Rather than actually solve the problem of filtering WYSIWYG input/output, providing a solution for creating easy to create and maintain semantic HTML, Mozilla shunted it aside and now use a stack of custom tooling and libraries and yet another Markdown-alike variant text format with their own scripting embeds and then patted themselves on the backs for all the effort they "saved".

Mozilla is supposed to be the standard bearer for web standards. It's sad to see that bunch of myopic techies decided to go with a trendy solution that just trashed a core principle of the organization (#6) for one of its most important products. It set an example others are now following, and as a result, MDN put the web back probably two decades.



Rather than embarking on something that proved to be hard by decades of trying, or inventing something complex and unique, Mozilla took a less powerful existing tool, very simple and well known to every contributor.

They acted as if they tried to make it simple and easy for the community to keep MDN up and up to date. Outrageous!


Well, by the book and its origins, there is no improvement just because in Markdown you can use any HTML. Markdown itself is part of the try when you follow the path of its history and when marketed as a subset, it means (and that approach may be valid), let us go back and reduce to the early set of HTML tags.


I wrote enough basic HTML tags back in 1995 to say that writing _this way_ is way more ergonomic than <i>this way</i>.

The thing is that HTML (and SGML) was invented, but Markdown was discovered as a set of best practices through decades of text-only mailing lists. This is something that many people found natural enough.


Sure, if adding symbols to text is enough, why do more?

It's bending perhaps history of mankind in my book a little too much, saying the author of Markdown has discovered that and not lets say, someone else the "one or other" millennia earlier.

And writing on the computer is commonly the least ergonomic form of writing at all.

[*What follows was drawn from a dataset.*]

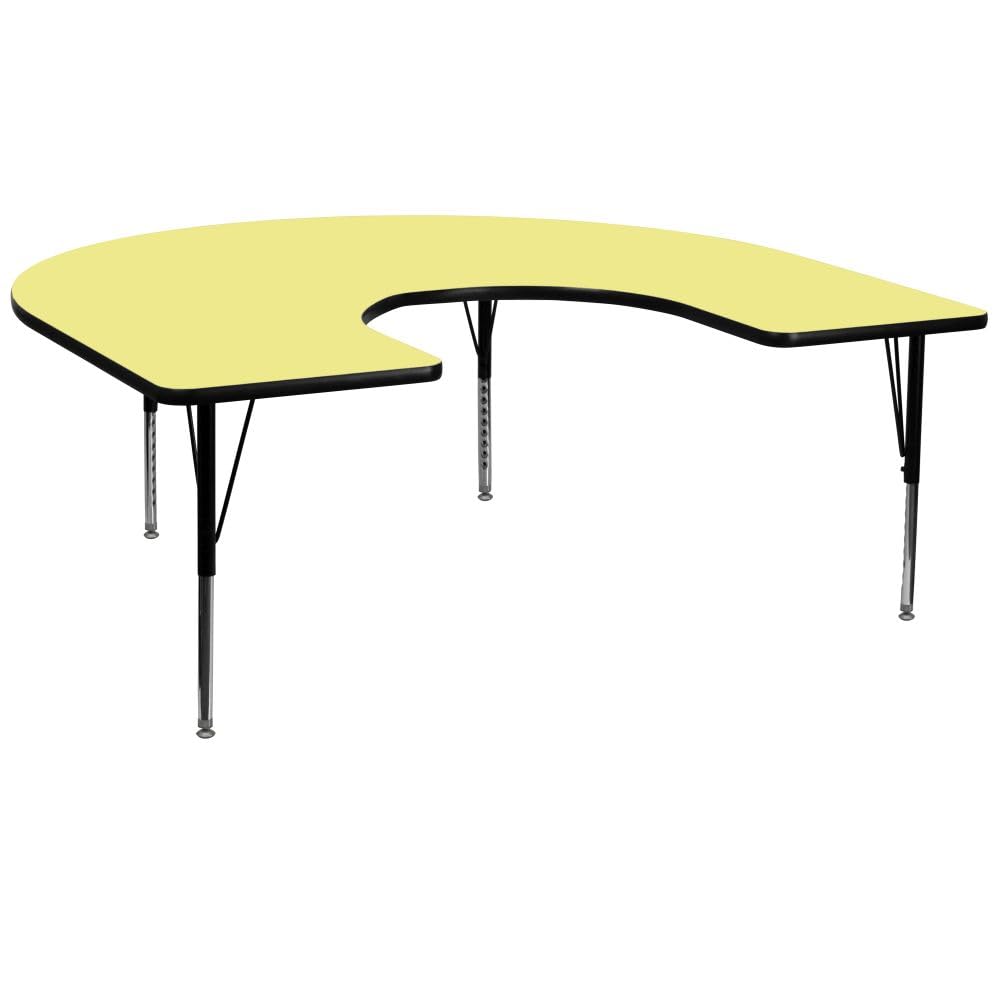 Flash Furniture Wren 60''W x 66''L Horseshoe Yellow Thermal Laminate Activity Table - Height Adjustable Short Legs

I've upbooped this perspective but I disagree. Markdown trivially compiles to HTML and is justifiably loved (aside from the proud markdown haters, old and jaded and scarred by it not working for their weird usecase that one time), and you haven't suggested an alternative which addresses the problems they had with the mess caused by wysiwyg output. But maybe you have a better solution? Beyond the entitled expectation that it's someone elses job to fix it.

Also #6 of their manifesto is about interoperability. Markdown is a great choice for this if you are consistent in your approach. No lock in, human and readible.


What's holding the web back by 20 years are </closing tags>. If it wasn't for them, CMS would not have had to be invented, and everybody would be blissfully authoring effortlessly semantic hypertext like they do with Markdown now.


Heh, you're not wrong. I've thought for a while there should be some sort of valid, but easily hand-written version of HTML5 where any text between two newlines is considered a paragraph. That alone would go a long way to making HTML more text-editor friendly.

Other block-level elements would auto-close either at a new line or when a new block tag starts, headers would automatically create <sections> that end when a new header appears, and inline elements would end at the next space, newline or generic end tag like </>, so they could be nested.

A lot of this is done already in the browser. A valid HTML doc just needs a doctype, title and a body tag and the spec specifies all the rest will be filled in automatically. The spaghetti logic employed to add in missing closing tags to keep pages looking decent is mind boggling. Seems like there could be a few additional spec rules and then plain-text HTML would be just as easy to create as any other markup.